Threatening Information: An Experiment on the Effect of Terrorism News on Foreign Policy Attitudes
By Shana Kushner Gadarian
More than five years after the attacks on the World Trade Center and the Pentagon, terrorism still occupies a sizeable proportion of the nightly news. In 2006 alone, more than 700 news stories on terrorism aired on national network news, adding to the more than 4,300 stories related to terrorism that aired in the previous four years. Compare those 5,000 terrorism stories to 138 stories on poverty, 592 stories on education, and 724 stories on crime over the same time period, and the dominance of terrorism news is clear.
As part of a larger study on how sensationalistic media coverage affects foreign policy attitudes, I designed and ran a media experiment using a nationally representative sample of 1,229 adults through Polimetrix.8. The experiment was designed to uncover the mechanism by which television influences attitudes—threatening message content or content paired with threatening imagery—and to determine the causal impact of media exposure on attitudes in a way that secondary survey data cannot.
Subjects of the experiment received an email invitation to participate in the study and were randomly assigned to watch one of three videos showing stories that had aired on the national news in early fall 2005. The subjects, who completed the experiment online in December 2006, were randomly assigned to either the control group or one of two treatment groups. Those in the treatment conditions watched a story about the potential for a new wave of terrorism. All of these respondents received exactly the same information about terrorism from the videos: that government authorities were troubled by the increase in smaller-scale terrorist attacks such as the ones in London, Sharm el-Sheik, Egypt, and Madrid, and were concerned that the attacks might signal a new wave of terrorism. The story emphasized the potential for new terrorist attacks in the near future.
What differed between the treatment groups was the visual imagery of the videos they were shown. The “scary visuals” group viewed the story with evocative imagery of terrorism, while the “neutral visuals” group viewed the same story with neutral imagery instead. In the scary visuals video, the terrorism news story was edited to enhance the threatening nature of the visual imagery, adding, for example, such images as the burning World Trade Center and bloodied victims of the London subway bombings. In the neutral visuals condition, the visuals were replaced by less violent imagery.
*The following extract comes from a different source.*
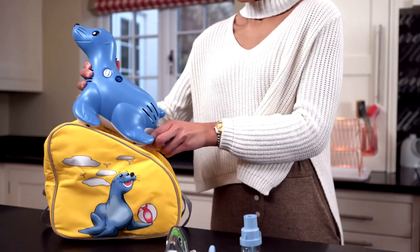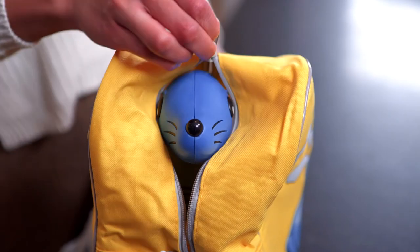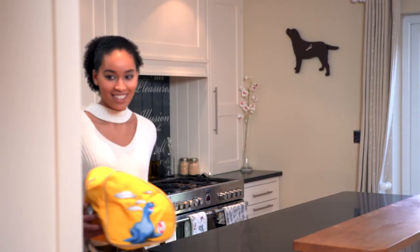Between uses, Sammy the Seal and the accompanying accessories can all conveniently be stored in the bag provided.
For example, in place of the London victims, the neutral condition included maps of the London subway system. Respondents in the neutral visuals condition received threatening information only through the verbal content, while those in the scary visuals condition received threatening information through both the verbal and visual story components. Control subjects watched an unrelated story on India’s economy. Table 1 summarizes the design of the experiment.

Click table to go to videos
To measure the effects of exposure to these different
stories on foreign policy attitudes, respondents in each group answered a series of questions after watching the videos. I used a
statistical procedure called ordinary least squares (OLS) to analyze the effect of exposure to the videos and respondents’ concern about terrorism on two measures of foreign policy attitudes—a foreign policy index and a measure of militarism.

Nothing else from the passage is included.